Non-local Dirichlet Forms and Symmetric Jump Processes

TL;DR

This paper studies symmetric non-local Dirichlet forms with position-dependent jump intensities, establishing heat kernel estimates, constructing associated Markov processes, proving a parabolic Harnack inequality, and providing an example of discontinuous harmonic functions.

Contribution

It introduces a framework for non-local Dirichlet forms with variable jump kernels, extending analysis of jump processes and harmonic functions.

Findings

Established upper and lower heat kernel estimates.

Constructed a strong Markov process associated with the form.

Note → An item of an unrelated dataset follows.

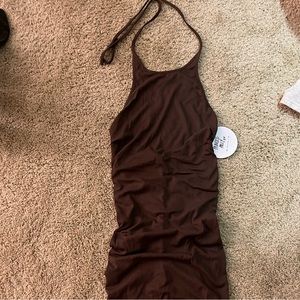 Chocolate brown princess Polly halter dress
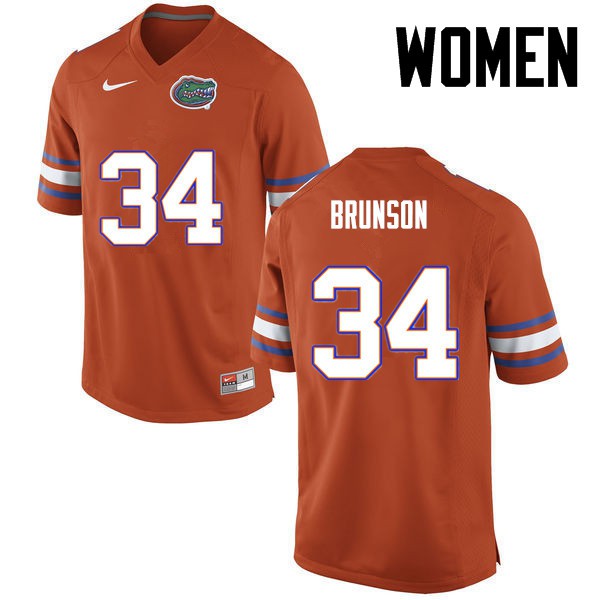 Florida Gators Women #34 Lacedrick Brunson College Football Jersey Orange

Proved a parabolic Harnack inequality for solutions.

Abstract

We consider the symmetric non-local Dirichlet form $(E, F)$ given by \[ E (f,f)=\int_{R^d} \int_{R^d} (f(y)-f(x))^2 J(x,y) dx dy \] with $F$ the closure of the set of $C^1$ functions on $R^d$ with compact support with respect to $E_1$, where $E_1 (f, f):=E (f, f)+\int_{R^d} f(x)^2 dx$, and where the jump kernel $J$ satisfies \[ \kappa_1|y-x|^{-d-\alpha} \leq J(x,y) \leq \kappa_2|y-x|^{-d-\beta} \] for $0<\alpha< \beta <2, |x-y|<1$. This assumption allows the corresponding jump process to have jump intensities whose size depends on the position of the process and the direction of the jump. We prove upper and lower estimates on the heat kernel. We construct a strong Markov process corresponding to $(E, F)$. We prove a parabolic Harnack inequality for nonnegative functions that solve the heat equation with respect to $E$. Finally we construct an example where the corresponding harmonic functions need not be continuous.